## Supplied data
========================================

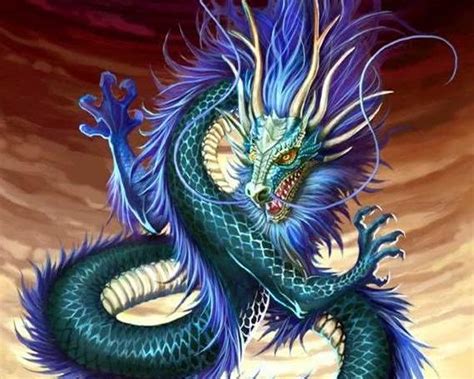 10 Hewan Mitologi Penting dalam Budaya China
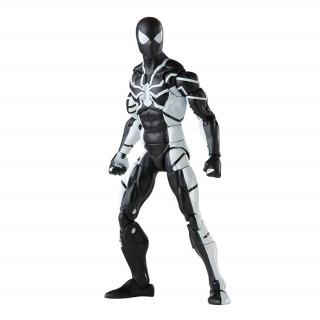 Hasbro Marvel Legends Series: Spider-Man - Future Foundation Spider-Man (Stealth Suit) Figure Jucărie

========================================

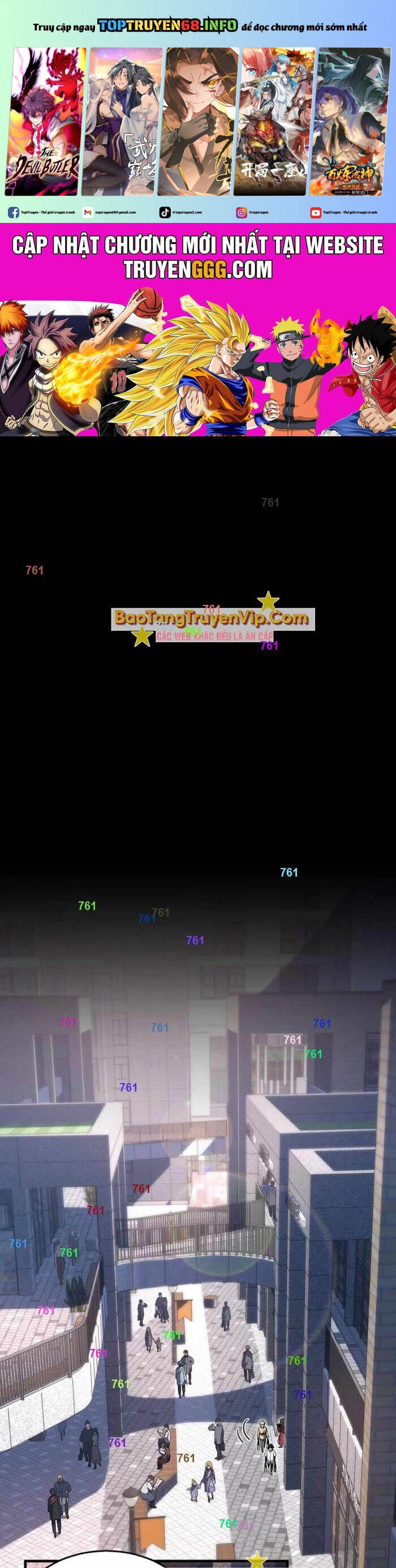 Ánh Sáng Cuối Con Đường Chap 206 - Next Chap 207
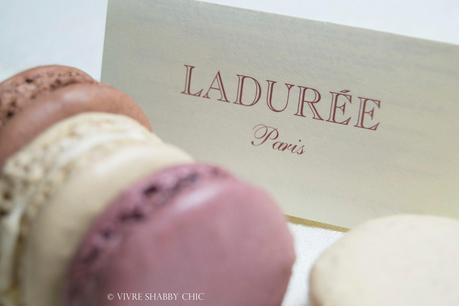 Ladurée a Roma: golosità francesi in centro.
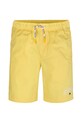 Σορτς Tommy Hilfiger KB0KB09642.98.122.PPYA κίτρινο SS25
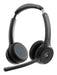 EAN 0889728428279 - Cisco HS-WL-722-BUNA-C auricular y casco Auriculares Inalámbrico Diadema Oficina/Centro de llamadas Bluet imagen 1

========================================

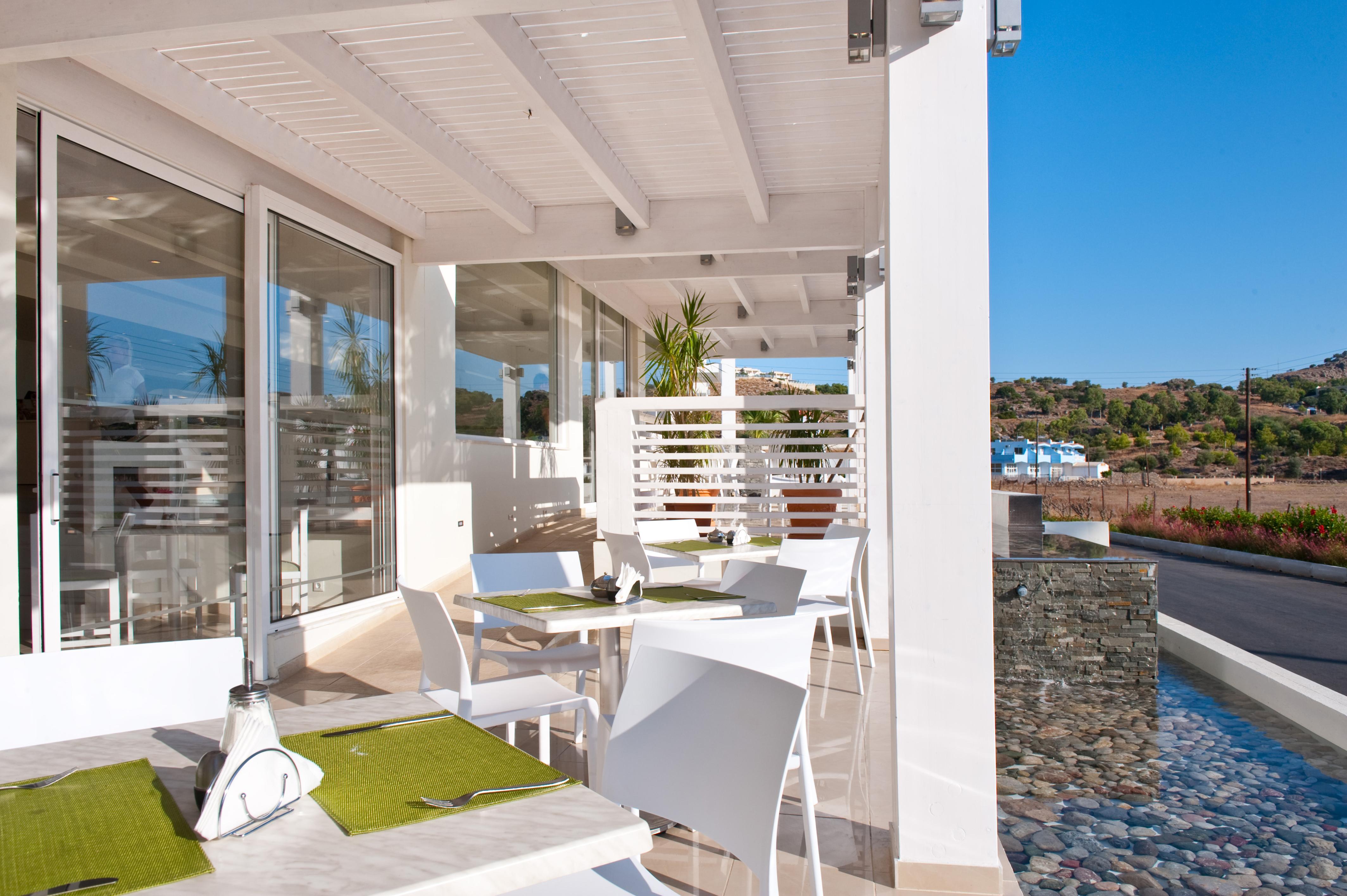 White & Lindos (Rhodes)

========================================

## Task instructions
In the entries above, find the line with "Ánh Sáng Cuối" and the line with "EAN 0889728428279 - Cisco". Write out exactly those two lines and every line between them, pictures excluded.

## Your solution
 Ánh Sáng Cuối Con Đường Chap 206 - Next Chap 207
 Ladurée a Roma: golosità francesi in centro.
 Σορτς Tommy Hilfiger KB0KB09642.98.122.PPYA κίτρινο SS25
 EAN 0889728428279 - Cisco HS-WL-722-BUNA-C auricular y casco Auriculares Inalámbrico Diadema Oficina/Centro de llamadas Bluet imagen 1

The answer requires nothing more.